Thursday, April 09, 2015

What Happened

"I saw the police report, I read it. It wasn’t like that, the way they were saying … I saw it on the news—I said, 'No, this is not right—this is not what happened'."
"I felt that my life … with this information, might be … in danger. I thought about erasing the video and just getting out of the community of North Charleston and living someplace else."
"I put myself in the position of the family … I wanted them to have this and do something about it. Because I knew if I didn’t give it to them, nothing would happen."
Feidin Santana, U.S. immigrant from Dominican Republic
FeidinSantana
Screenshot/MSNBC    Feidin Santana



Because, after all, this was a police officer, and who was he to interfere with what was happening? What was happening was outright murder. And to witness something like that is to feel fear and foreboding deep in one's viscera. The natural impulse is to leave, as quickly as possible. Adrenalin rushes in, and the imperative to preserve yourself compels the action of fleeing as an autonomic response; it's nature's primary imperative; survival.
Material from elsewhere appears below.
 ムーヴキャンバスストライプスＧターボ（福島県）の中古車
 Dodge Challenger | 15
Police officer Michael Slager (right) is seen shooting Walter Scott in the back in this still image from video in North Charleston, South Carolina on April 4, 2015.
Screenshot via New York Times    Michael Slager (right) is seen shooting Walter Scott in the back in North Charleston, South Carolina, on April 4, 2015   

Mr. Santana, however, had filmed the episode he saw, before leaving. And that evidence of what really occurred, that a white policeman who had stopped a black driver for a minor traffic infraction; his BMW had one broken taillight; became unaccountably and viciously violent. The black man, black like himself, was intimidated, and likely with good reason, since constable Slager was a brutally intimidating man. A man who deliberately shot a frightened man in the back, eight times.
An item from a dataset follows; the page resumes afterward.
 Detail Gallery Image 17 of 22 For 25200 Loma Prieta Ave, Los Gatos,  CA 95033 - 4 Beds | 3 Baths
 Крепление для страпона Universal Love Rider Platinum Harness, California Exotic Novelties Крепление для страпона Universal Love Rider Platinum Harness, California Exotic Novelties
And when that man fell forward as he was shot, the policeman approached him instructing him to place his hands behind his back so he could be handcuffed, as he lay dying. And then the policeman casually walked back to where his taser had fallen, picked it up and dropped it again, beside the dying man. As evidence that the man he had just murdered, Walter Scott, had resisted him, had threatened him, had taken possession of his taser, so shooting him was entirely justified.